Intermittent forest fires eating away at the Amazon rainforest, reaching their apex in Brazil in 2019, are inextricably tied to deforestation for the sake of cattle-raising, agricultural projects and other kinds of developments. Furthermore, the biggest determinant of climate change — the burning of fossil fuels — remains increasingly lucrative, reaping an average of $1 trillion in annual profits. The capital afforded to oil and gas executives empowers them to further entrench the fossil fuel industry in society through lobbying politicians to adopt meager reforms failing to meaningfully mitigate the ongoing impacts of the climate crisis.  

It should be understood that the impact of the climate crisis on people’s lives is not the only impact we should care about.
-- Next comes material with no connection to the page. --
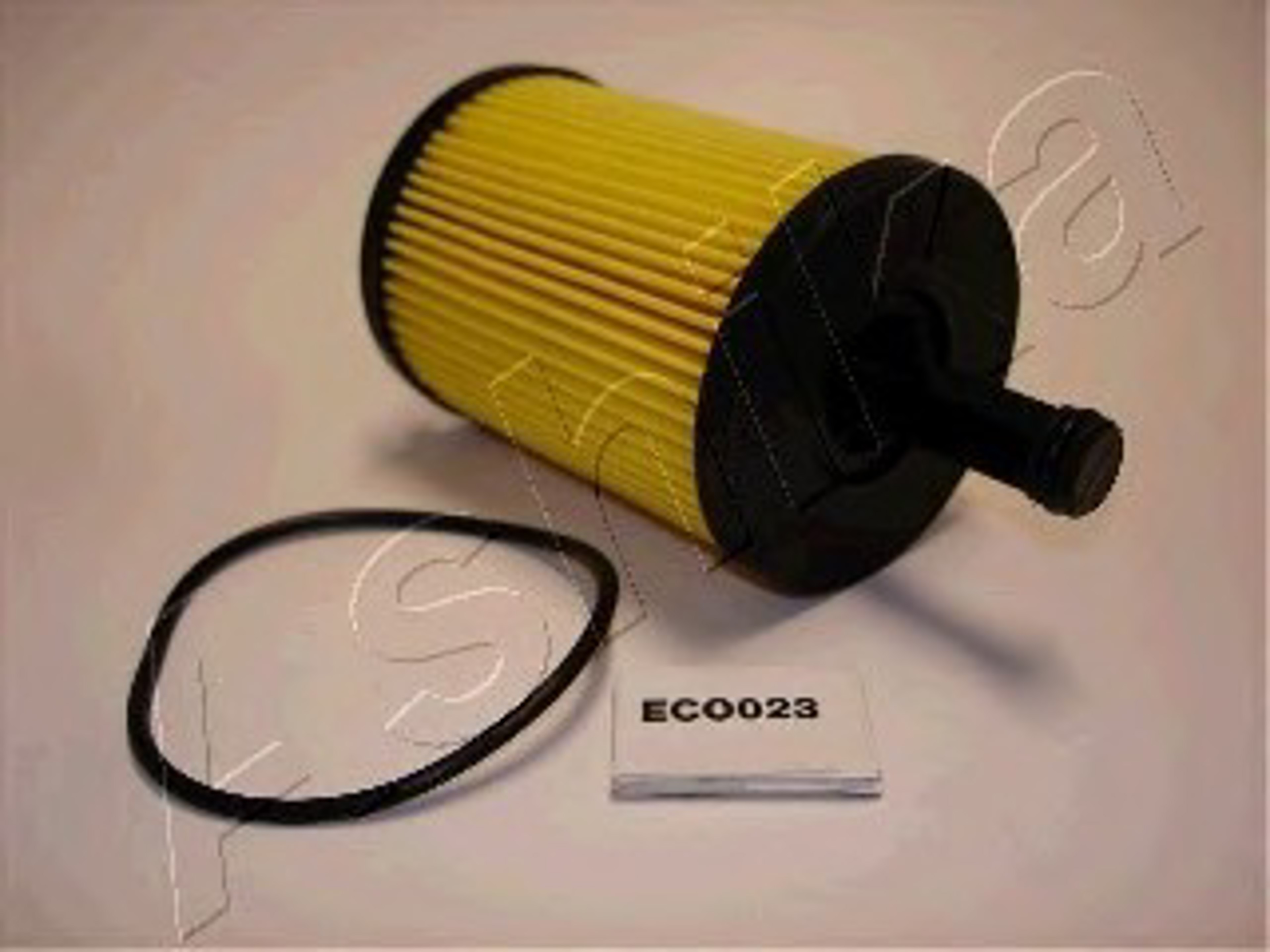 10ECO023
Although the destruction of infrastructure and loss of life caused by climate catastrophes are of paramount importance, so too is the destruction of the ecosystem that houses and nurtures us. Indigenous ways of knowing, particularly in the Americas, maintain that a reciprocal relationship with the environment is necessary for undoing the effects of the climate crisis. The biosphere is a relative, and living on Earth means being in a community with it just as we are with the people around us. Capitalism and colonialism, however,  position the Earth and all its inhabitants as objects to exploit, compete with and dominate if it can create individual benefit — the capitalist right to debase humans and the environment to extractable resources is in contradiction with the human right to an environment that sustains us.  
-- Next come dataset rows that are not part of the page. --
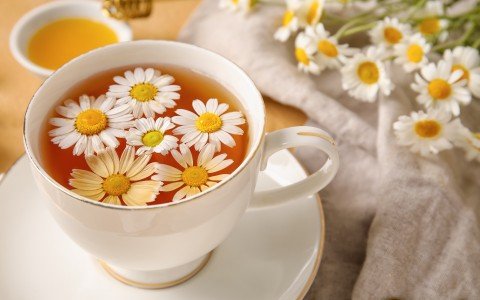 Camomilla e i suoi benefici Camomilla e i suoi benefici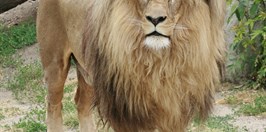 ZOO Ústí nad Labem - Panthera leo bleyenberghi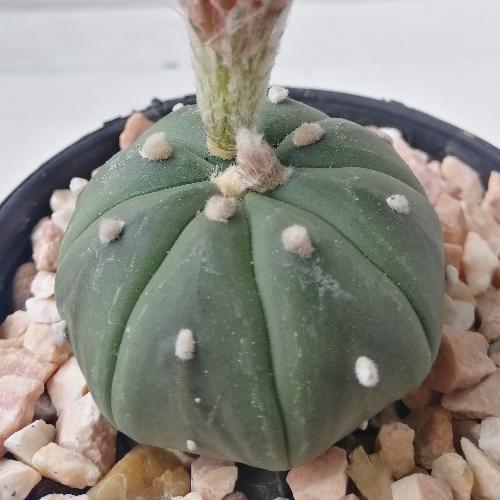 สมาชิกหมายเลข 5877693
Freedom is a misnomer for the actions that capitalism allows individuals to exercise. The freedom to own and profit from land or a business allows for dictatorial rule over those who inhabit or work for it, creating a dual system of liberty for the ruling class of capitalists and dependence and subservience for the global majority, or the oppressed class of workers in countries of the global south. As long as capitalism exists, workers will be forced to depend on a hegemonic, unequal system which continues to extract more and more from them and the planet in which they live. For people and the planet to flourish, capitalism must end.